While the majority of data analysts were busy exploring the progression from relational databases to Cubes, analytic databases, and data lakes, another camp was looking into using data federation to integrate data for analysis.
A New Approach
Data federation allows analysts to instantly run queries joining multiple disparate databases without the need to copy or move data from the original operational sources to a central analytical repository. This approach is clearly a significant improvement on all of its predecessors regarding the immediacy at which data can be analyzed. While the idea is sound and value is self-evident, data federation alone isn’t scalable for large amounts of data or for large numbers of simultaneous users. In addition, because it relies heavily on the speed and stability of the source systems and network, its performance is commonly diminished for both data analysis and production operations. So, while data federation is quick and flexible, in itself it is not scalable or particularly dependable. But, it was an important step in the right direction.

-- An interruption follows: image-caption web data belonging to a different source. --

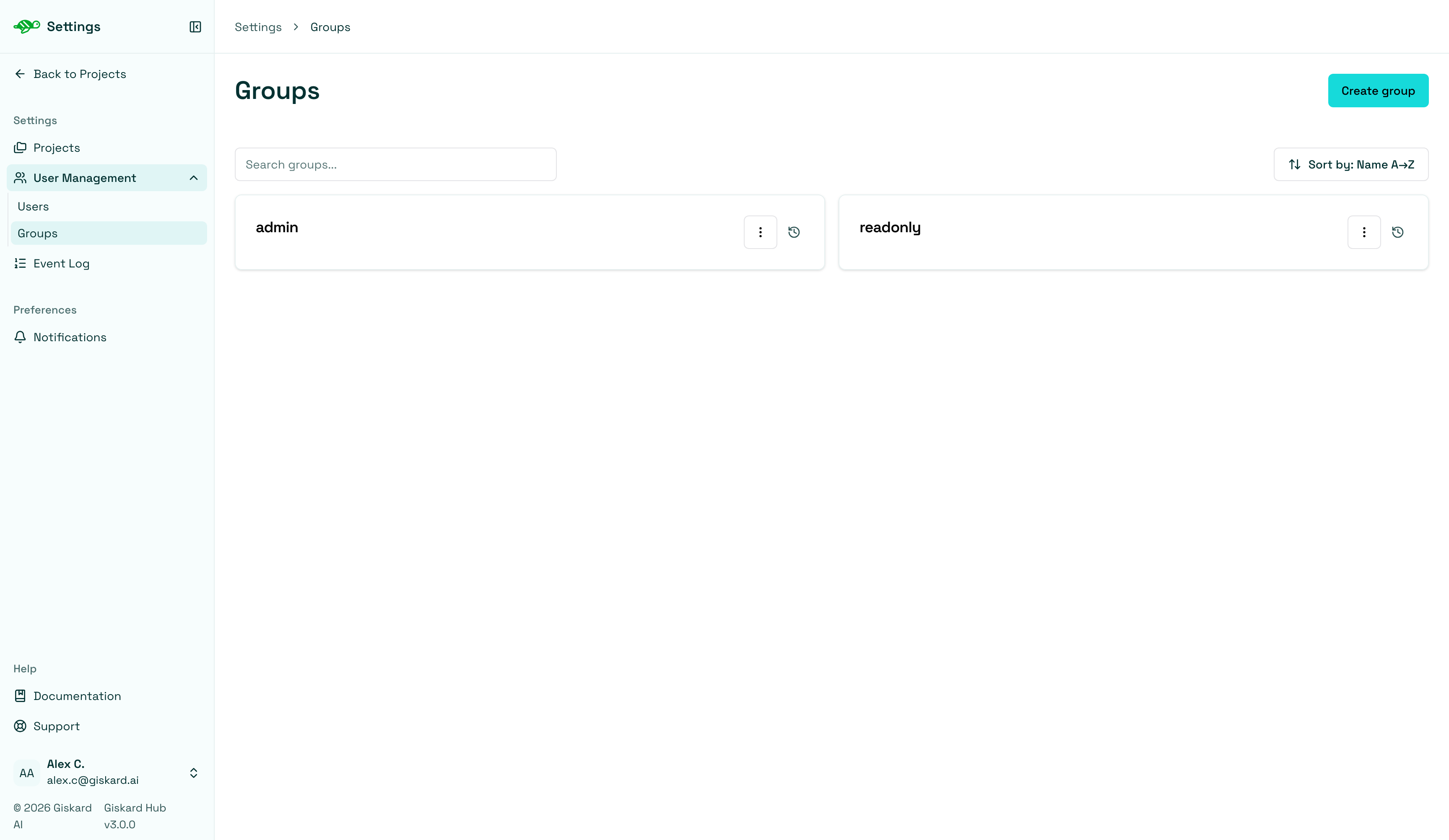 Groups settings page with the Create group button and group cards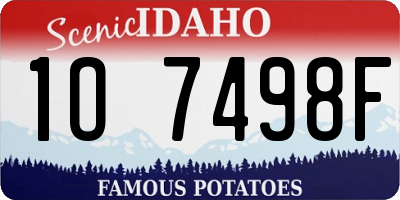 ID license plate 1O7498F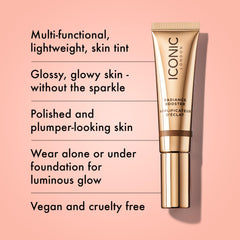 ICONIC LONDON Radiance Booster swirl texture for smooth, sheer coverage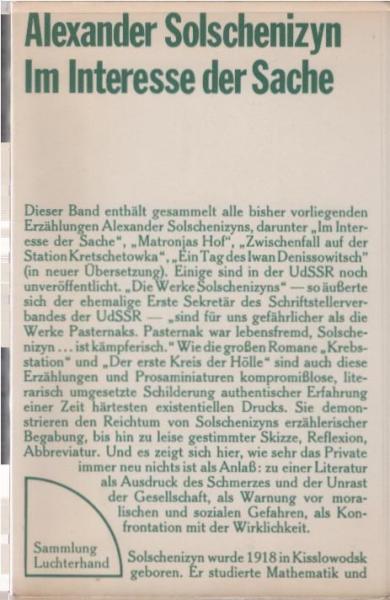 Im Interesse der Sache : Erzählungen.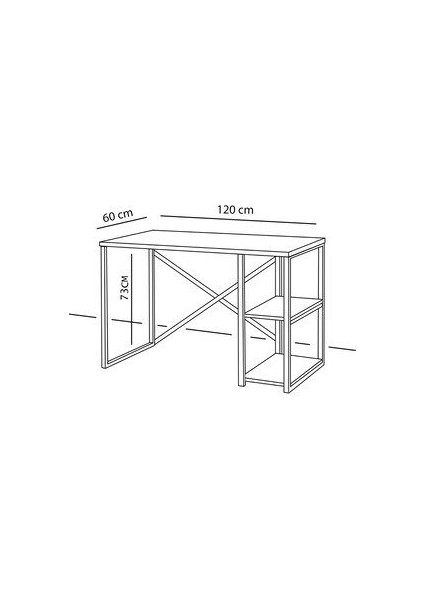Alesta Metal Çalışma Masası 2 Raflı Laptop Bilgisayar Masası Ofis Ders Masası Yemek Masası 60X120 fırsatları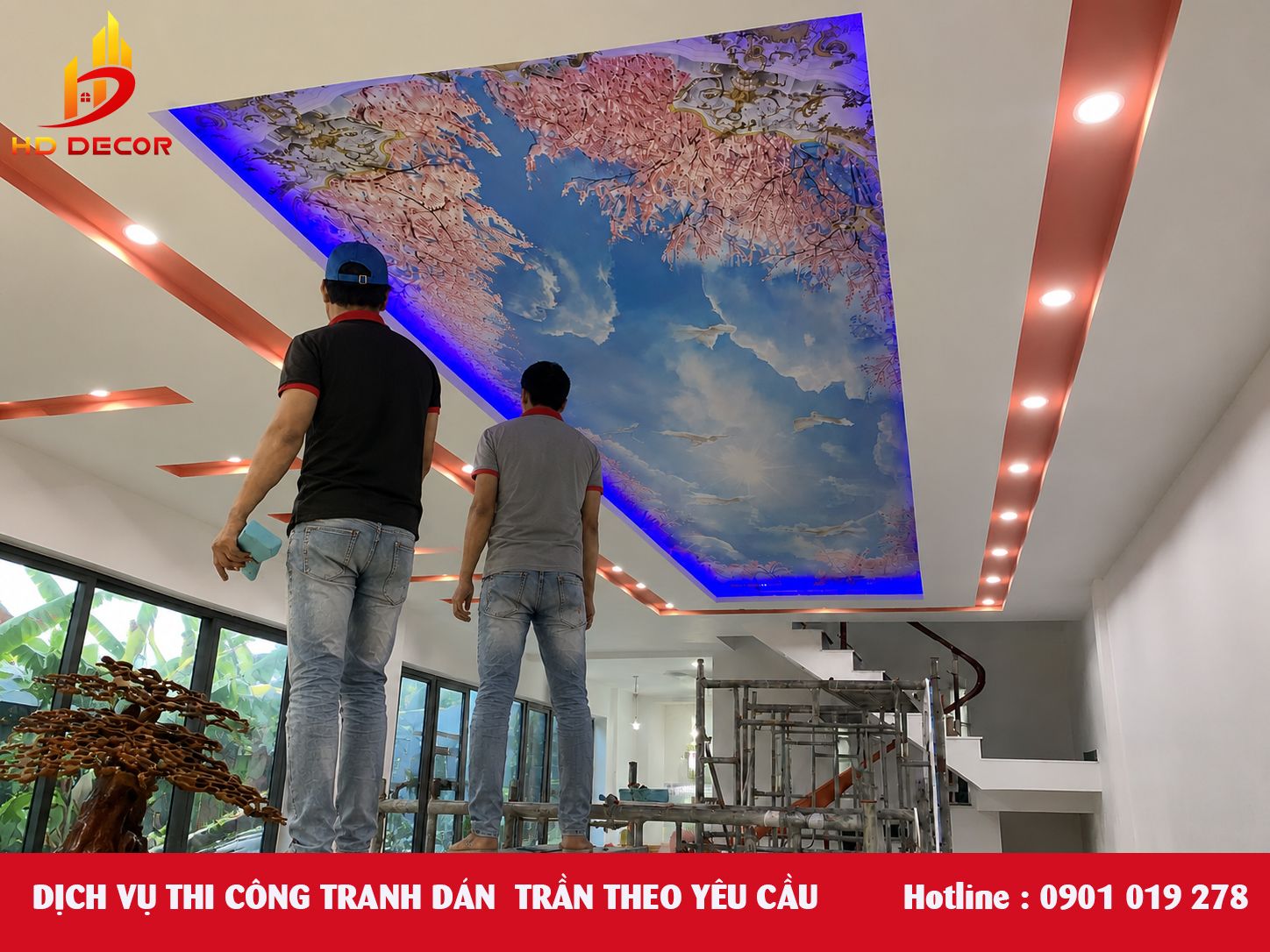 thi công tranh dán trần theo yêu cầu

The next stage of evolution was to combine data federation with caching repositories to address these issues. This hybrid approach used big data solutions to complement data warehousing. The result is a combination of repositories, virtualization, and distributed processes for data management that delivers the best capabilities from several technologies but still falls short of the expectation for a robust, agile, performant data warehouse. Caching can be problematic due to the need to schedule cache loads around performance concerns of source systems and that the cache is loaded into a single repository that may or may not be optimized for different data sets and/or data types.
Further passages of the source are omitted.